Eppure anche in montagna sto molto bene.
Non so proprio quanto questa mia passione per il mare si nutra di un omaggio affettivo alla memoria di mia madre, con la quale il dialogo si è interrotto troppo presto, avevo vent'anni quando è morta.
Purtroppo questo mi ha impedito di fare i conti con altre interiorizzazioni della sua figura, ben più importanti per il mio equilibrio psichico, che sono rimaste congelate dentro di me, procurandomi sofferenze personali e relazionali.
La mia ottusità, dovuta forse a un frainteso gesto d'affetto e di lealtà nei confronti del suo ricordo, dal momento che non potevo scontrarmi direttamente con lei, mi ha impedito di usufruire degli strumenti conoscitivi con i quali sono venuta in contatto negli anni Settanta, vale a dire l'autocoscienza che ho praticato per anni in un collettivo femminista, strumenti che, se applicati alla mia realtà interiore, avrebbero reso più felice la vita mia e quella del mio compagno di vita, dei miei figli e amici/che..
Mi sono ritratta spaventata, allora, rispetto a un sogno che feci nel quale ero inseguita nel corridoio di una casa da mia madre, armata di un lungo coltello, che voleva appunto accoltellarmi alla schiena.

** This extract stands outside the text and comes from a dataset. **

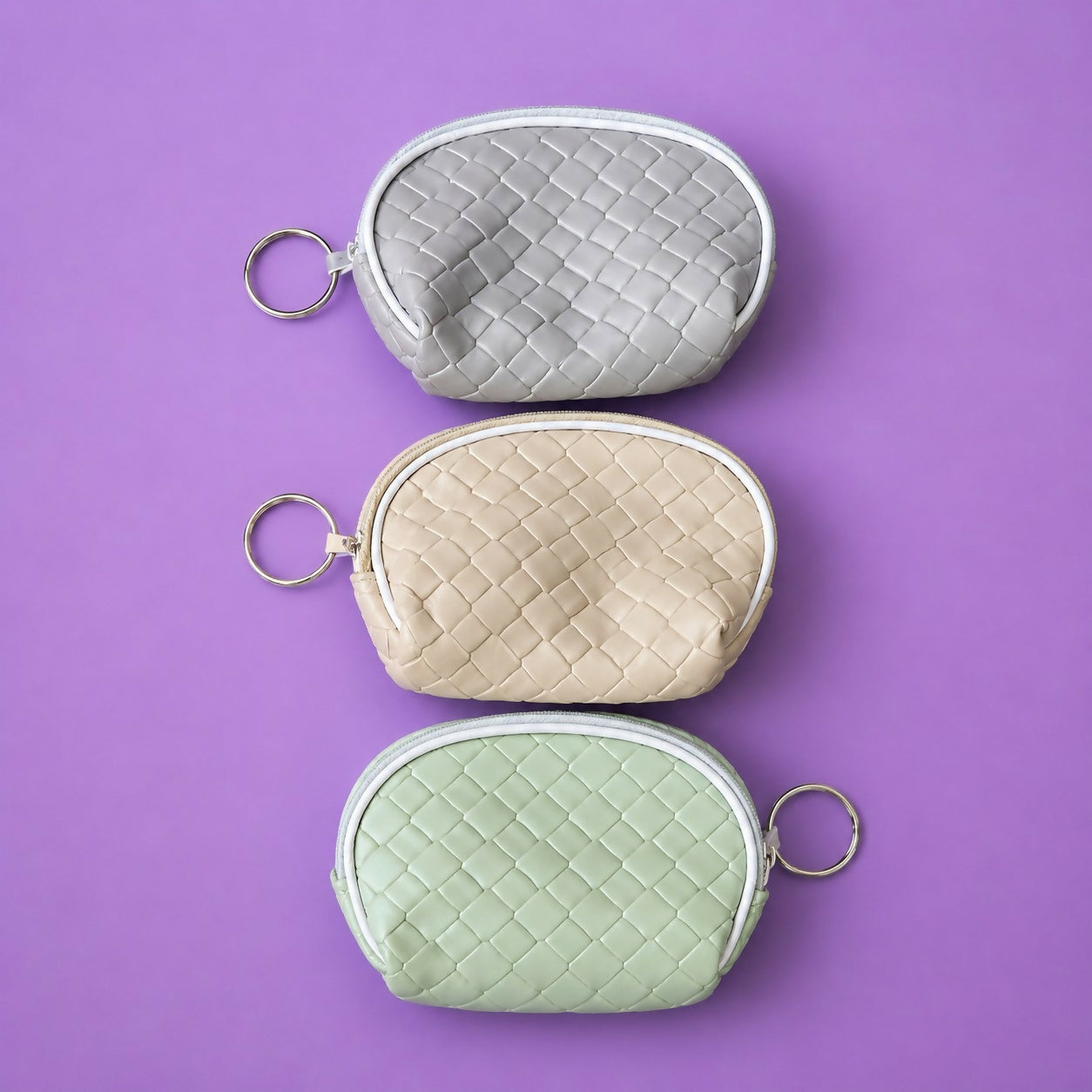 Random color mini pouch displayed on wooden surface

Non ho capito allora che cosa significasse, e a dire la verità non me lo sono mai più chiesto.
Il "cerchio" si è chiuso con un altro sogno, di un paio di anni fa, nel quale ero io che avevo messo mia madre con le spalle al muro tenendola ferma con violenza, sempre nel corridoio di una casa, frugandole dentro alla ricerca di non so che cosa.
Il mare è un materno pacificante e tranquillizzante per me, anche se ne ho un grande rispetto e timore, che mi spinge a non tentare bagni quando è agitato, a non spingermi a nuotare troppo distante dalla riva in situazioni che non conosco.
Domani comincia la mia avventura marina di quest'anno.